Rendre visible ce qui vivait jusque-là en filigrane. Dire, avant que la première ligne ne parte en production, qui répondra des conséquences, et le dire tant que cette réponse peut encore modifier les gestes plutôt que désigner un coupable. Dire quelles décisions appartiennent aux équipes et lesquelles doivent remonter, non par méfiance, mais parce que leur portée dépasse un périmètre. Dire, enfin, qui autorise, et jusqu'où.

Le mot juste n'est pas contrôle. C'est cadence.

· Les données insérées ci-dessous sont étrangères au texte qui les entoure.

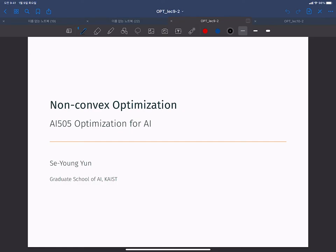Up to now, we have studied how to optimize convex functions. In this video, I will discuss how to optimize non-convex functions.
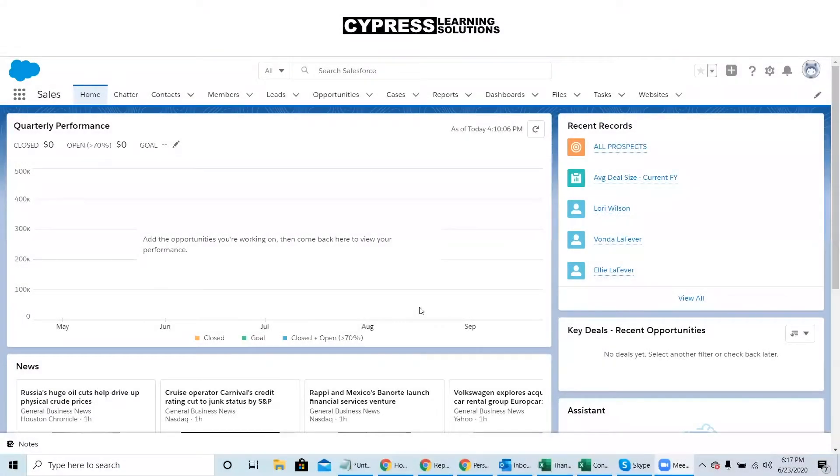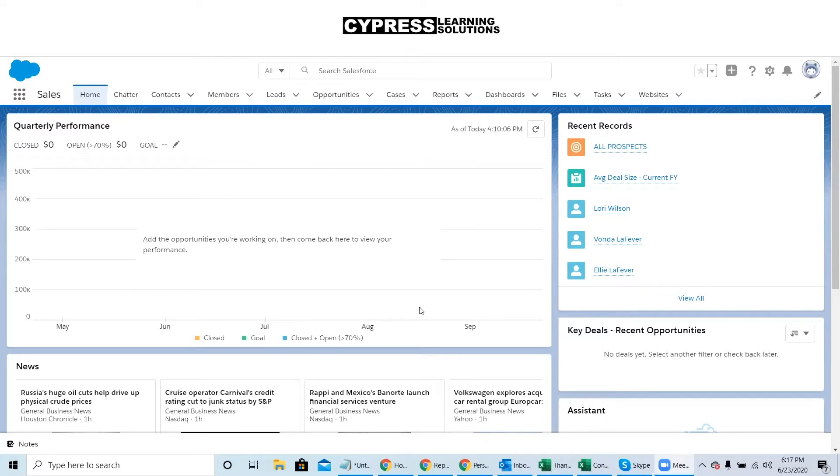Hi, my name is Aaron Smith with Cypress Learning, and today I'm going to show you a neat trick to help your sales team get the most out of Einstein Activity Capture in your Pardot account.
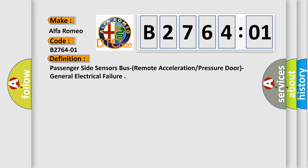The basic definition is: Passenger side sensors bus remote acceleration or pressure door general electrical failure.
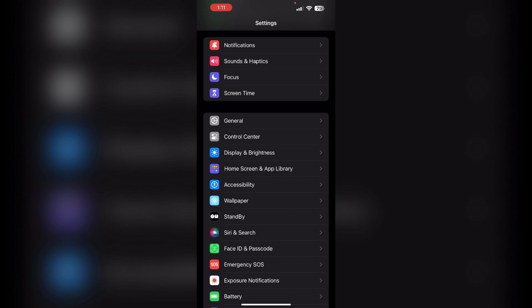Step 3: Turn off True Tone and Night Shift. True Tone and Night Shift adjust the display color temperature, which can result in a dimmer screen.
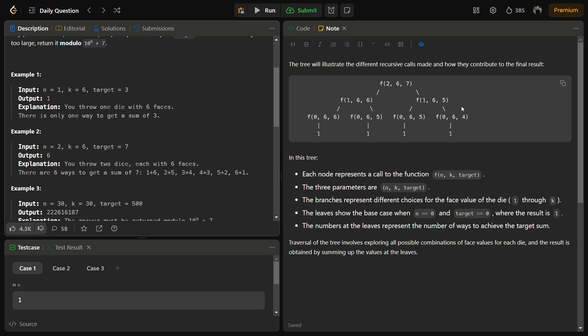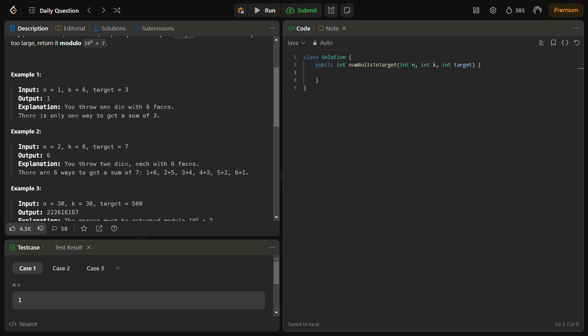This is not a complete recursion tree — I had space constraints, so I've shown just a part of it. Initially n=2 and target=7. We call for n=1, assuming we get 1 on the second dice, reducing target by 1 to become 6. Then suppose we get 6 when n=1, so at n=0 we return 1. If target is not 0, we return 0. This is how we are going to solve this.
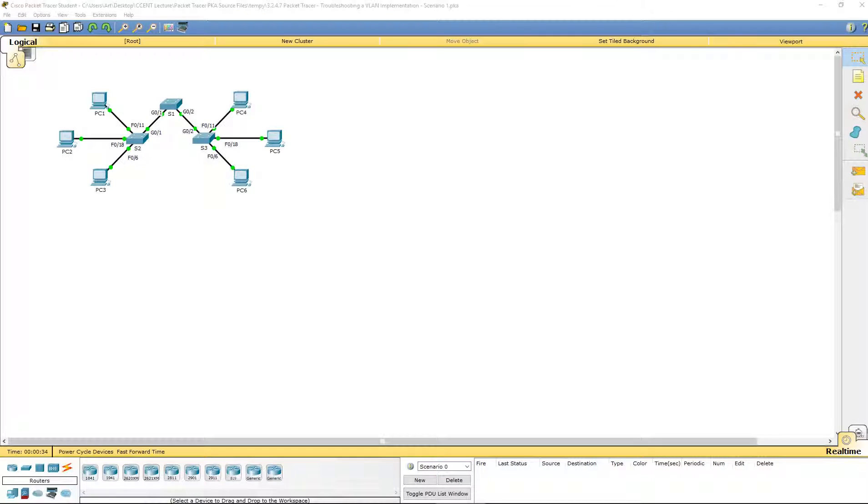Welcome to Routing and Switching Essentials. This is Lab 3.2.4.7, Troubleshooting a VLAN Implementation, Scenario 1.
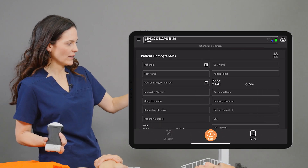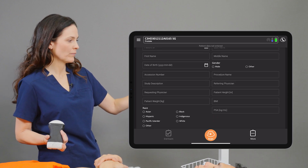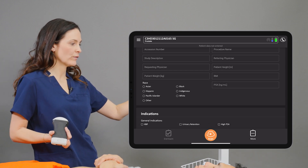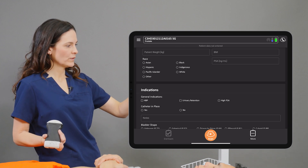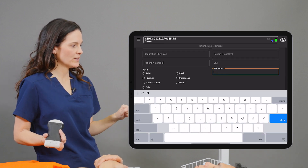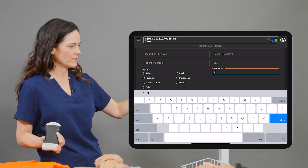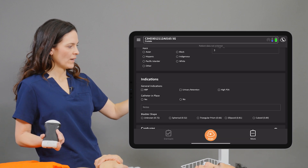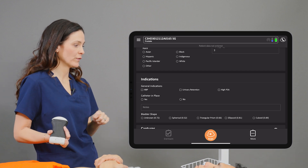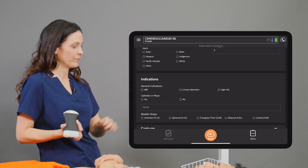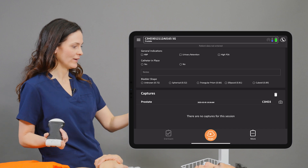We'll start at the patient demographics page and this is where we would enter the patient's name, birth date, and any other relevant medical information. When we scroll down we can see there's an area here to enter the patient's PSA levels. I'll enter three for the purpose of today's exam. Under the indications header we can see some areas where we can fill in indications for the prostate exam. We'll come back to this page at the end of our scan.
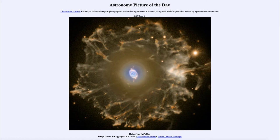Today's picture is titled Halo of the Cat's Eye. At the center of this is the Cat's Eye Nebula — the very central portion here — and that is an example of a planetary nebula. Now a planetary nebula has nothing to do with planets, but is actually the end state of a star much like our own sun.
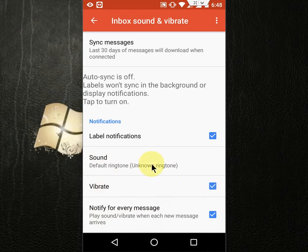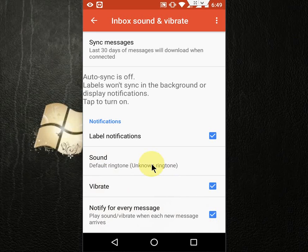After you check on this, you will get every message alert in your notification on Android phone. So this is the easy way to get all message alerts from Gmail on Android phone.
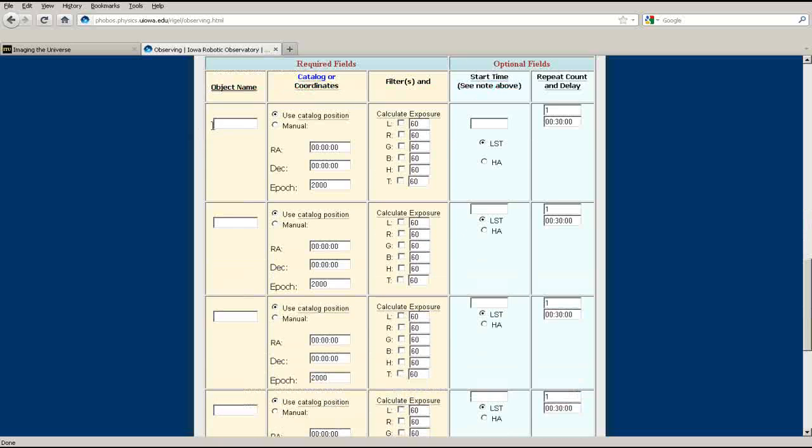You can instruct RIGEL to use the catalog coordinates for an object, or manually enter a right ascension and declination. You can select which filters you want to use for your image, and the exposure times for each.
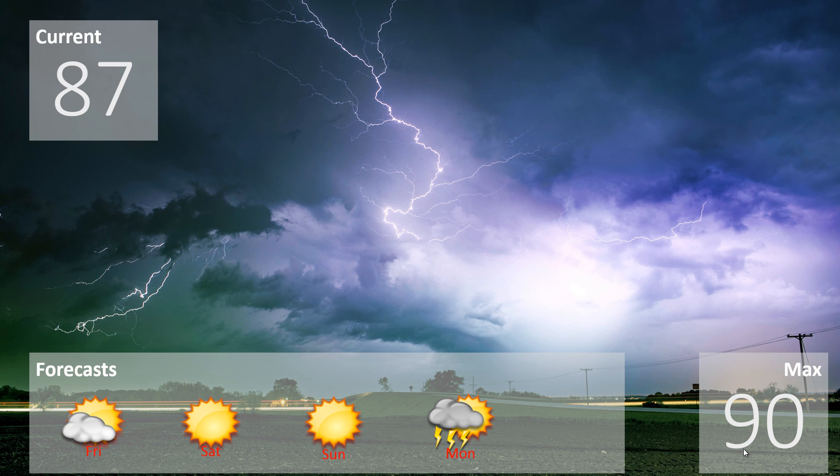The information will be updated on your screen as soon as there is new information at the weather source.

Le contrôle cherche à tout arrêter pour tout vérifier, et il perd toujours la course. La cadence, elle, ne cherche pas à rattraper la machine : elle choisit le tempo. Elle décide où placer les temps forts, là où une intention humaine doit réellement s'exercer, et laisse le reste couler.

Gouverner le rythme plutôt que subir l'accélération.

Un travail de chef d'orchestre. Pas de métronome.

Une organisation qui gouverne ainsi ne produit plus de roadmap après coup. Elle sait, à tout instant, où ses trois actes se rejoignent. Elle peut aller vite sans devenir décousue, parce que sa vitesse est portée par une trajectoire assumée, et non par la somme d'élans isolés.

La porte

Le cas du début n'appelle pas une morale. Il appelle une question. Une question qu'il aurait fallu poser avant le crash.

À l'instant où votre organisation se lance, avant que la première ligne ne parte en production, savez-vous encore qui répondra de ce qui sera livré ?

Qui l'aura décidé ?

Qui l'aura autorisé ?

Si les trois réponses tombent sur le même temps, vous n'avez probablement pas besoin de ce texte. Si elles vous obligent à hésiter, ou pire, si elles pointent toutes vers le bas, alors la dissonance est déjà installée.

Elle ne se réglera pas en ajoutant un comité de plus.

Elle se réglera lorsqu'une organisation retrouvera une cadence.